## Work item
Each line below from the line with "view of property exterior with a carport" to the line with "kitchen featuring kitchen" must be copied exactly, including those two, and no picture may appear in the copy.

## Record excerpts
-=-=-

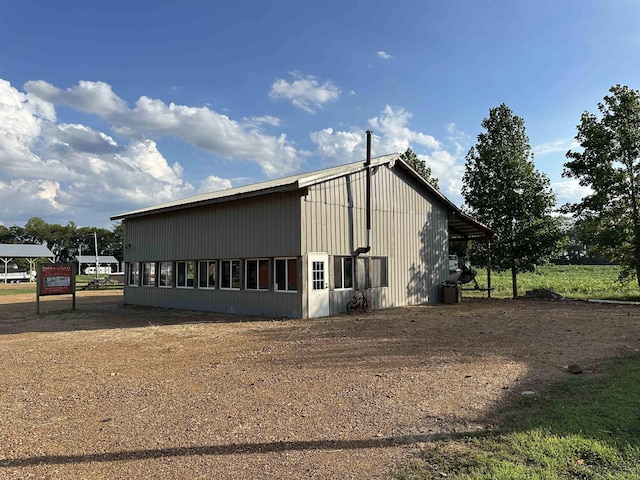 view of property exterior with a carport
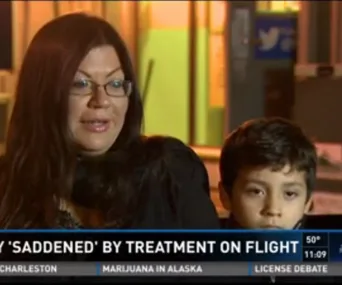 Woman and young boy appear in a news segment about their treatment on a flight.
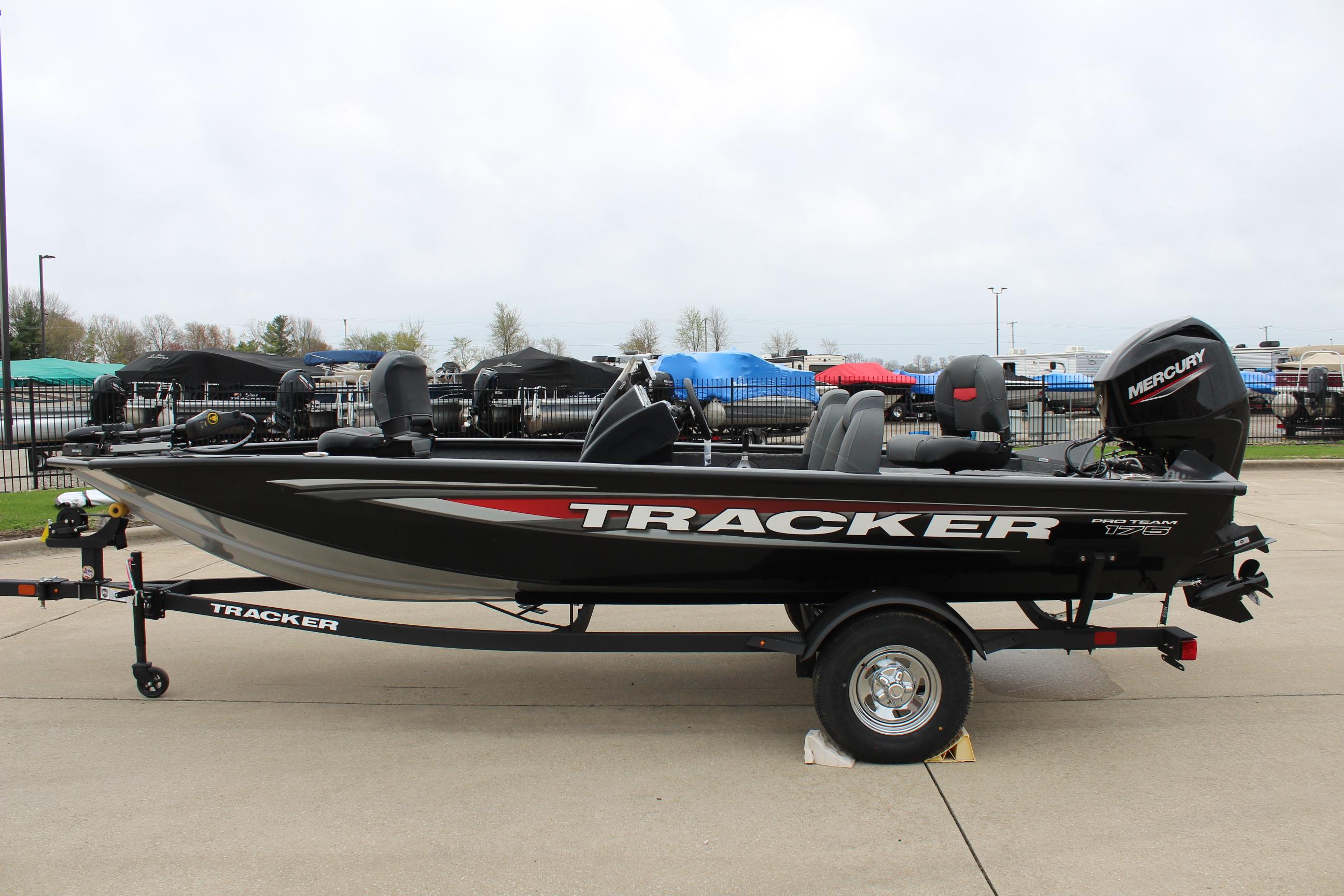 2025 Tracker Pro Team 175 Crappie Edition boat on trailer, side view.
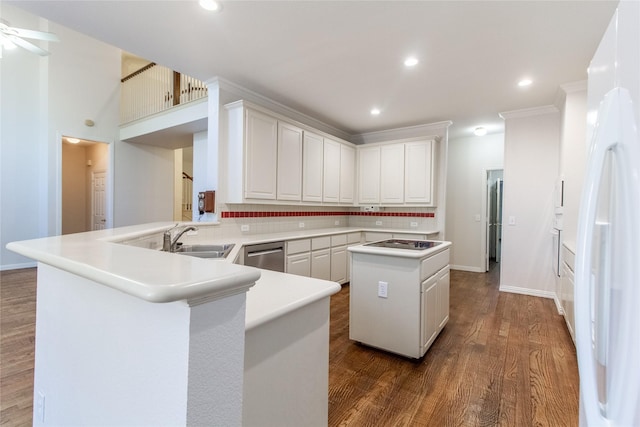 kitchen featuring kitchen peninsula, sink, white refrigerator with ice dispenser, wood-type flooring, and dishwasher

-=-=-

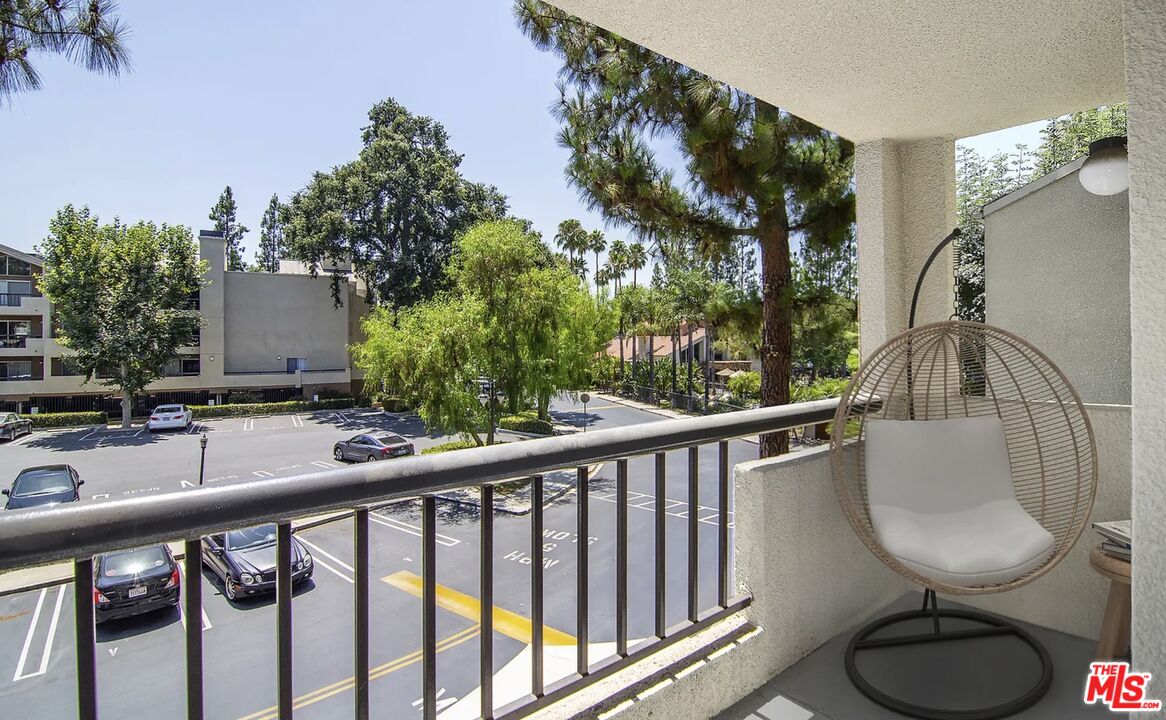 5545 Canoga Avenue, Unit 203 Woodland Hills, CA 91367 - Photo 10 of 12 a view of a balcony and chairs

-=-=-

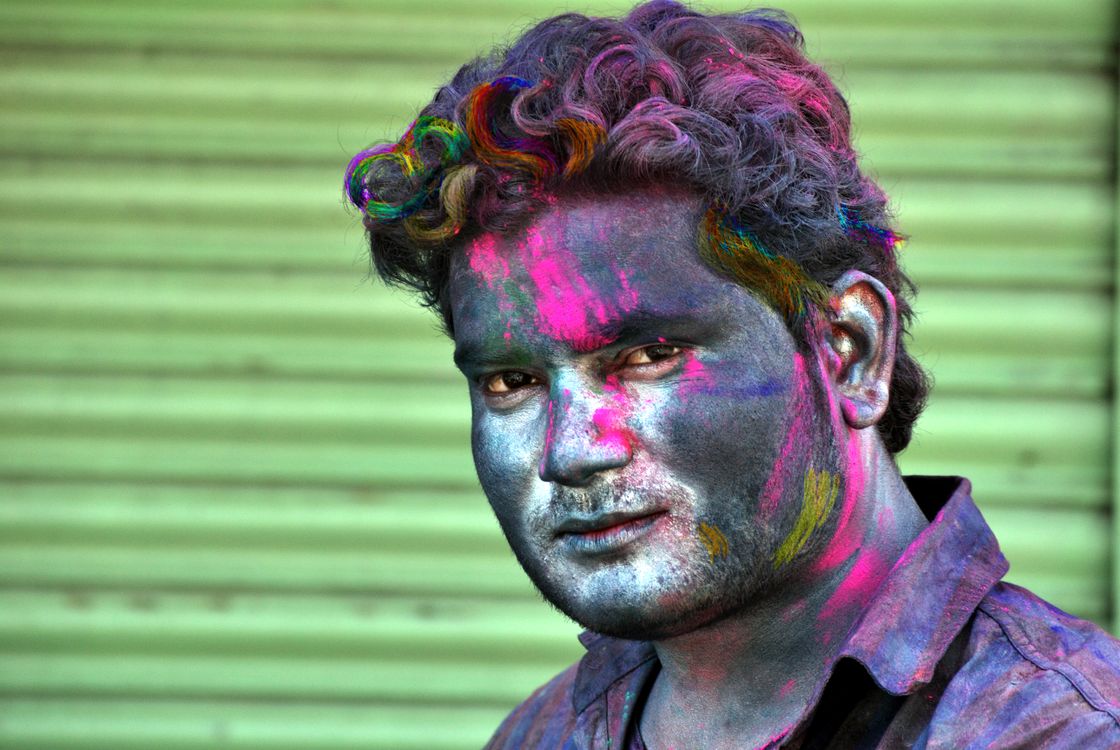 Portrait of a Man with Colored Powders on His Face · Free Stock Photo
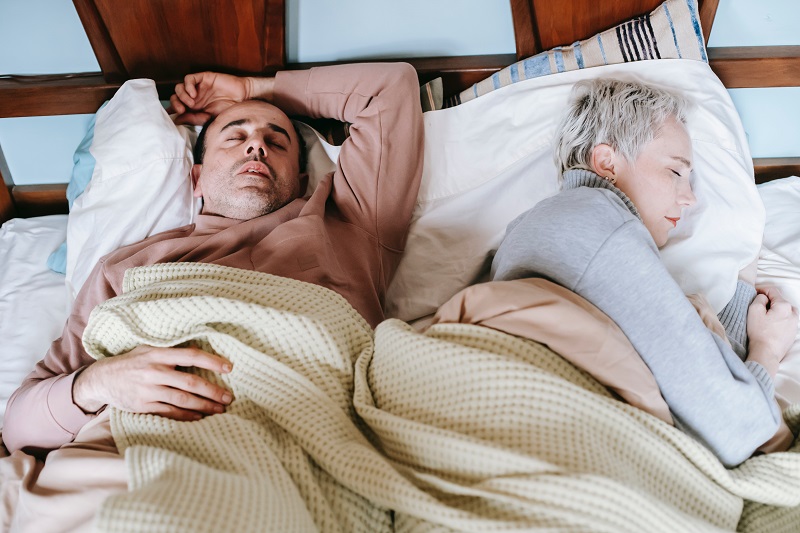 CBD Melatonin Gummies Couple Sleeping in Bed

-=-=-

## Task solution
 view of property exterior with a carport
 Woman and young boy appear in a news segment about their treatment on a flight.
 2025 Tracker Pro Team 175 Crappie Edition boat on trailer, side view.
 kitchen featuring kitchen peninsula, sink, white refrigerator with ice dispenser, wood-type flooring, and dishwasher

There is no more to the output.